Scraped caption text data:
== Segment start ==

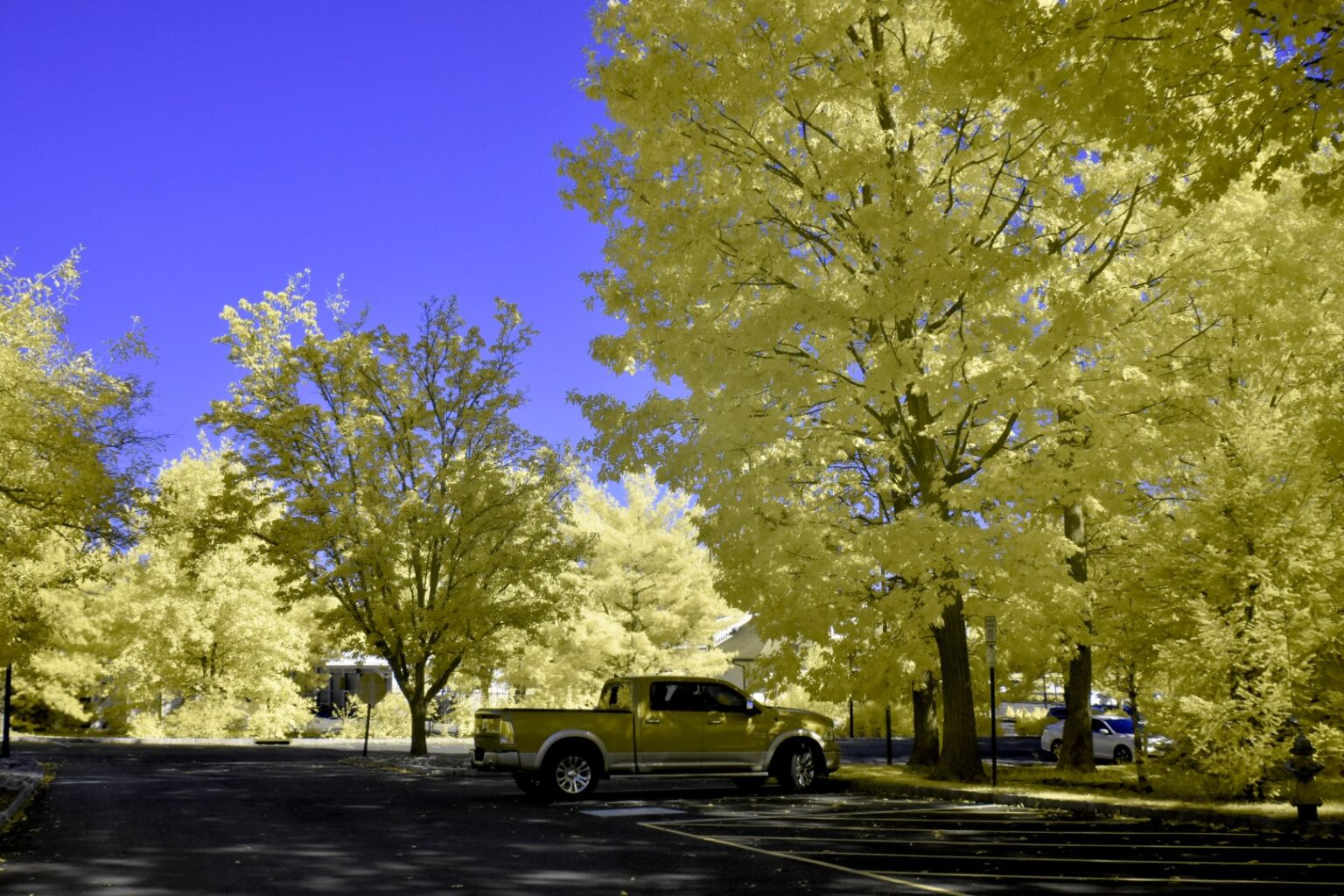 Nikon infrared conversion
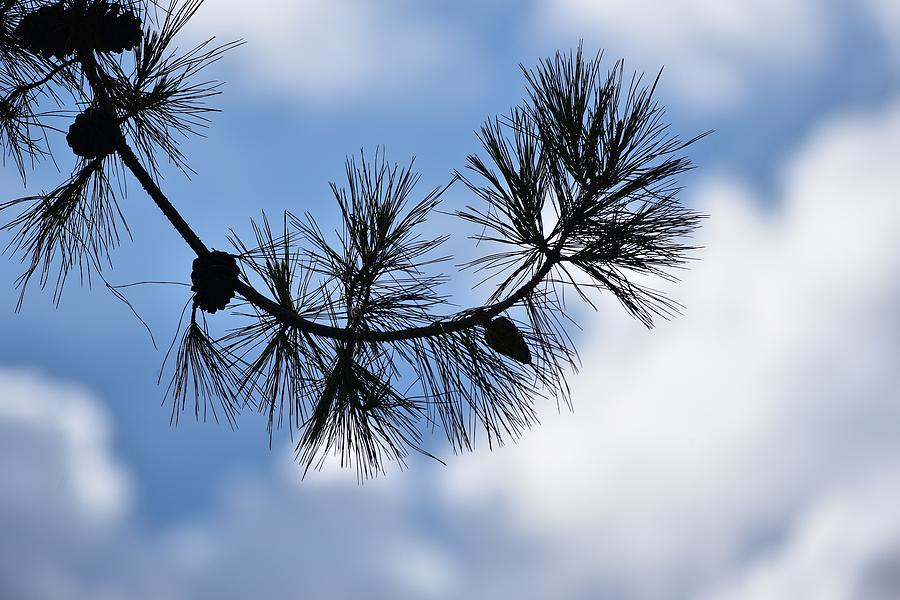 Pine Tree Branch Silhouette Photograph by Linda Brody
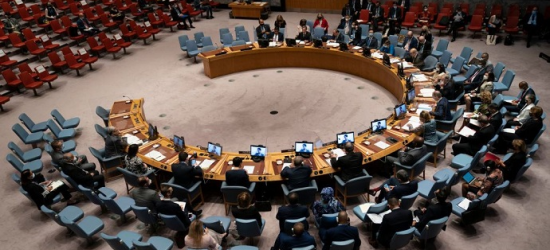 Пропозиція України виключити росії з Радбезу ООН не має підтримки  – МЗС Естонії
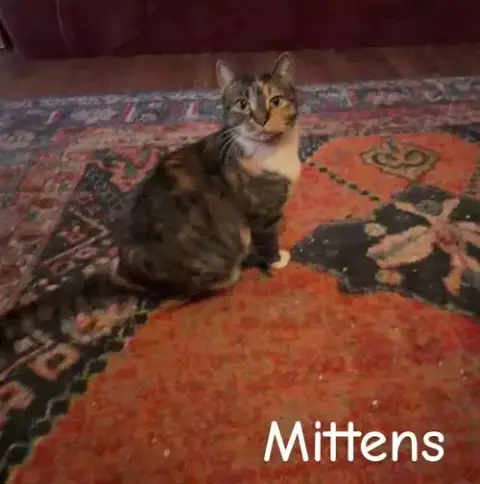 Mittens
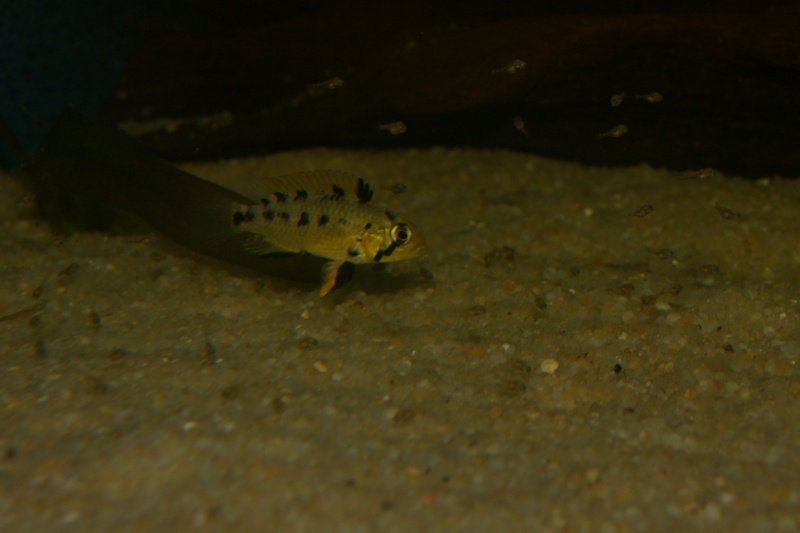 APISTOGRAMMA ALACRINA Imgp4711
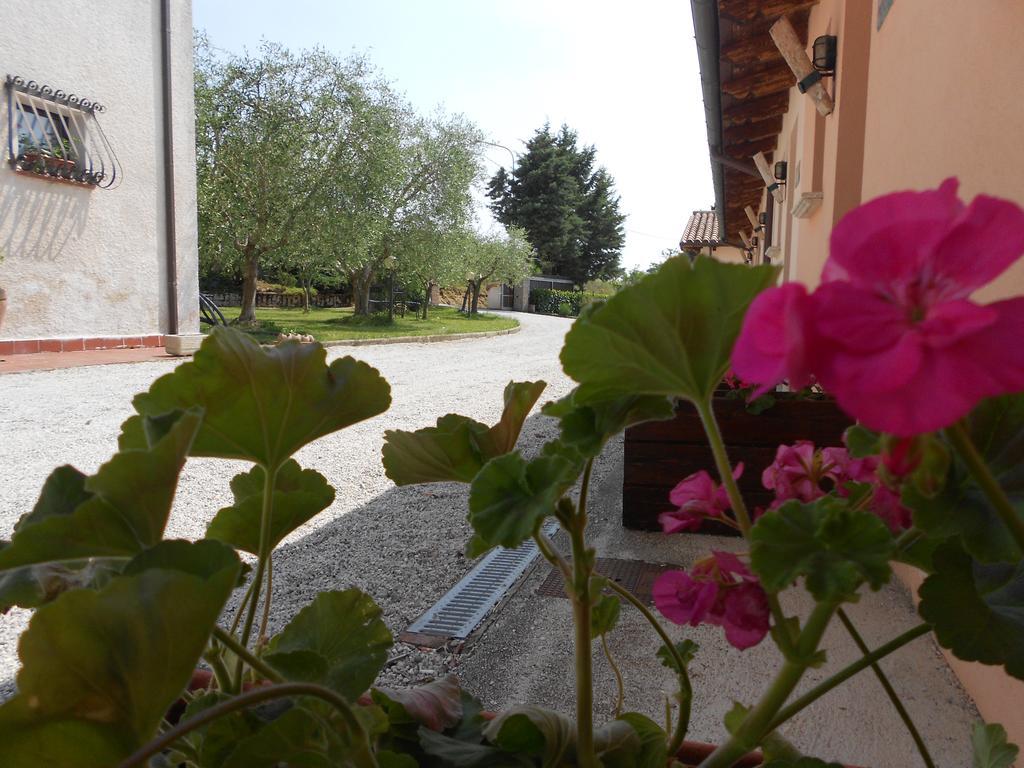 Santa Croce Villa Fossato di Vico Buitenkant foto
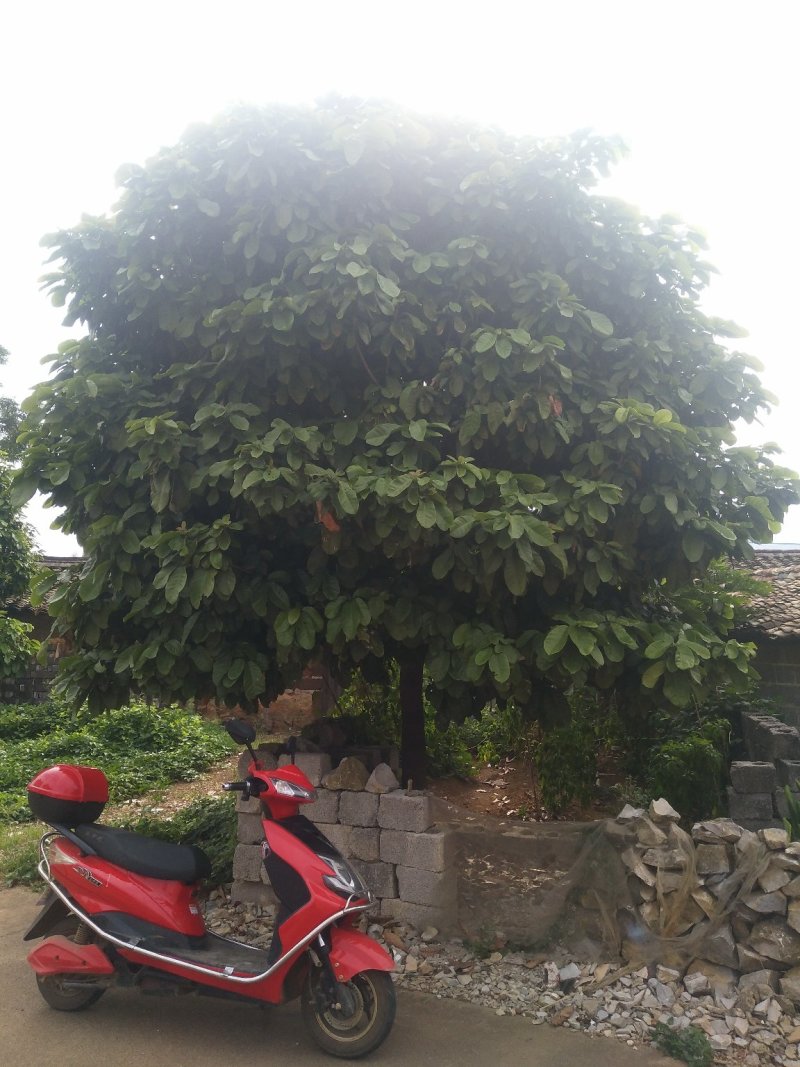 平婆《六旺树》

== Segment end ==

ASSIGNMENT: The reply has to reproduce every line above verbatim and contain no pictures.

FINISHED TASK:
 Nikon infrared conversion
 Pine Tree Branch Silhouette Photograph by Linda Brody
 Пропозиція України виключити росії з Радбезу ООН не має підтримки  – МЗС Естонії
 Mittens
 APISTOGRAMMA ALACRINA Imgp4711
 Santa Croce Villa Fossato di Vico Buitenkant foto
 平婆《六旺树》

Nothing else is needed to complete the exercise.